Rossinis „La Cenerentola“ am Opernhaus als überzogene Mischung von Disney und Barbie mit ausgezeichneten Sängern, aber zu wenig orchestraler Spritzigkeit.
Von Helmut Christian Mayer
Arielle, Schneewittchen, Tinkerbell, Rapunzel: Unschwer sind die Damen des Chors in ihrer Kostümierung zuzuordnen, ausnahmslos als Prinzen mit Kronen, langen, glänzenden Haaren und einem Muskelanzug präsentieren sich hingegen die Herren. Und deren Kostüme sind alle bunt und schrill. Als ziemlich überzogene, überfrachtete Revue wird Gioacchino Rossinis „La Cenerentola“ am Grazer Opernhaus gezeigt. Dafür sorgt Ilaria Lanzino in ihrer temporeichen Inszenierung. Da erlebt man statt eines Balls beim Prinzen heulende Männer in Wolfskostümen in einer Höhle mit Dornenbüschen, und die Damen alle als Rotkäppchen. Da tauschen Aschenputtel und der Prinz ihre Kostüme. Sein Diener Dandini erscheint als hüpfender Frosch.
Werner Kmetitsch
Passend dazu ist die Ausstattung von Dorota Karolczak, die eine Art leuchtendes Disney-Schloss auf die sich ständig bewegende Drehbühne gewuchtet hat. Auf der Rückseite mit Zimmerchen, wie in einem Barbie-Puppenhaus. Im obersten wohnt die Titelheldin, als rebellierender, trotziger Teenager charakterisiert, mit Turnschuhen, die gleich einmal ihr Prinzessinnen-Kleid anzündet und dann verkohlt trägt. Und alles wird gelenkt vom Philosophen Alidoro (der balsamisch wunderbar singende Kim Daeho) mit goldenen Flügeln, die später der Titelheldin angeschnallt werden.

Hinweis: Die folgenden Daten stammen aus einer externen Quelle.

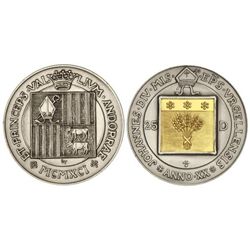 25 Diners. - 1991. - AR con placa cuadrada (AU). 20 aniversario Co-príncipe Episcopal. Tirada: 2.500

Alidoro wird übrigens von einem Frosch erschossen, taucht aber später wieder unversehrt lachend im Publikum auf, während das Schloss in Brand gesteckt wird. Und im Pausenfoyer und auch im 2. Akt hängen dann überall Plakate mit „Wanted: Mysteriöse Prinzessin gesucht!“
Werner Kmetitsch
Das sind bei weitem nicht alle der grellen Ideen der italienischen Regisseurin in dieser letzten Opera buffa von Rossini, die damit ein Herausbrechen der gängigen Geschlechterrollen darstellen will. Sie sprudeln überbordend nur so hervor, sind aber teils schwer nachvollziehbar und lassen einen bald ratlos zurück.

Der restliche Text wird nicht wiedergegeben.